But if Phair’s show at the Vic on Sunday was any indication, Snell is on the money: in lieu of an opening act, the packed house was treated to a 35-minute slide show (which a genius typo in Jim DeRogatis’s overnight review in the Sun-Times made into a “side show”) of photographs of Phair in various states of undress with various vintage Wicker Park fixtures, including producer Brad Wood, Tortoise drummer John Herndon, comics artist and guitarist Archer Prewitt, Rainbo Club manager Jim Garbe, Jesus Lizard front man David Yow, and engineer Casey Rice and his dog, Piggy.
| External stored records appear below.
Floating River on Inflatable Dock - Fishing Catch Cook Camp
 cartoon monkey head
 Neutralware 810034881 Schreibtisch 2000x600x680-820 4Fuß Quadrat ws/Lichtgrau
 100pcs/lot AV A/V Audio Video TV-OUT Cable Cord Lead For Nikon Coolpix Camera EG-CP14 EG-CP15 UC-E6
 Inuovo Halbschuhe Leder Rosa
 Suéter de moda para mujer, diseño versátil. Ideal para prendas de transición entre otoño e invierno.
The slides were accompanied by what might have been some of Phair’s favorite tunes from her own middle-American teenage shit-stirring years, among them Iggy Pop’s “Lust for Life,” the Violent Femmes’ “Kiss Off,” and Prince’s “Little Red Corvette.”

In my experience, most people fall into one of two categories: those best remembered as photographs and those best remembered as movies. Some people are most beautiful when posed–the isolated moment can truly capture their appeal. Others reveal their gifts with the unfolding of time, coming alive through their movements–the way they walk, the way they laugh, the way they spin to respond to a greeting from behind. Liz Phair looks best in freeze-frame and she knows it. She has used still photography to great effect throughout her career. All three of her album covers feature her image, and her 1993 debut, Exile in Guyville, even includes a soft-core photonarrative. (The woman in the interior Polaroids isn’t actually her, but the point is she could be.) Phair herself has posed provocatively in a variety of music and entertainment magazines. Sure, her not-so-little slide show was breathtakingly vain, but you had to admit that in the pictures Phair exuded confidence, sex appeal, brattiness, even a certain rock-star swagger–all components missing from her live peformance.

When she hit the stage in the flesh on Sunday, the fresh-faced Phair announced how good it was to be home. She wasn’t wearing ruby slippers, but she could have, perhaps should have, pointed out members of the audience and exclaimed, “You were there…and you were there. And you. And you!” Because, truth is, a great many of us were there five years ago, when Phair set off to see the Wizard. DeRogatis as the Cowardly Lion and the Reader’s own Peter Margasak as the heartless Tin Man were both there in 1993, kicking down the yellow brick road behind her, and both were there on Sunday night. I was there in ’93 too, tugging desperately on that infernal curtain in my fanzine. We all recall with VCR accuracy her onstage stiffness, her rudimentary flubs, her deer-in-the-headlights appearances on Letterman and Leno. And we have all been pleasantly surprised, probably more so than critics in the cities where she did not start out, to see this year’s looser and more comfortable version of Liz Phair in motion.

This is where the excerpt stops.